Splitting Criterion

This package offers multiple options of splitting criterion for evaluating the quality of a split and therefore constructing a decision tree. In the following a brief overview of the available criterion and their use cases is provided.

You can retrieve a list of the available splitting criterions with the function get_split_criterions, like so:

println(get_split_criterions())
println(get_split_criterions("classification"))
println(get_split_criterions("regression"))

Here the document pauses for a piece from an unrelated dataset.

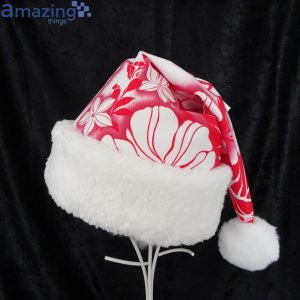 Tropical Red And White Christmas Santa Hat For Adult And Child Product Photo 2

(DecisionTreeAndRandomForest.split_gini, DecisionTreeAndRandomForest.split_ig, DecisionTreeAndRandomForest.split_variance)
(DecisionTreeAndRandomForest.split_gini, DecisionTreeAndRandomForest.split_ig)
(DecisionTreeAndRandomForest.split_variance,)

Gini Impurity

Gini Impurity measures the likelihood of an incorrect classification of a randomly chosen element if it is labeled according to the distribution of labels in the dataset. Gini Impurity is primarily used in classification problems. A lower Gini impurity indicates a purer node with a higher confidence in predicting the class label. The goal is to minimize the Gini Impurity at each split, thereby creating nodes that are as pure as possible.

$$$Gini(S) = 1 - \sum_{i=1}^{C} (p_i)^2$$$

where:

$S$ is the set of data points in the current node.
$C$ is the number of classes.
$p_i$ is the proportion of data points belonging to class $i$ in $S$.

Steps for Calculation:

Calculate Gini coefficients for each child node.
Compute the impurity for each split using a weighted Gini score.
Choose the split with the lowest Gini impurity.

Information Gain

Information Gain is calculated as the difference in entropy before and after splitting a dataset on an attribute. Entropy measures the uncertainty or impurity in the data. The goal is to reduce entropy and maximize information gain, leading to a more informative split. Information Gain is used in classification problems to choose the attribute that provides the highest information gain, resulting in the most informative split.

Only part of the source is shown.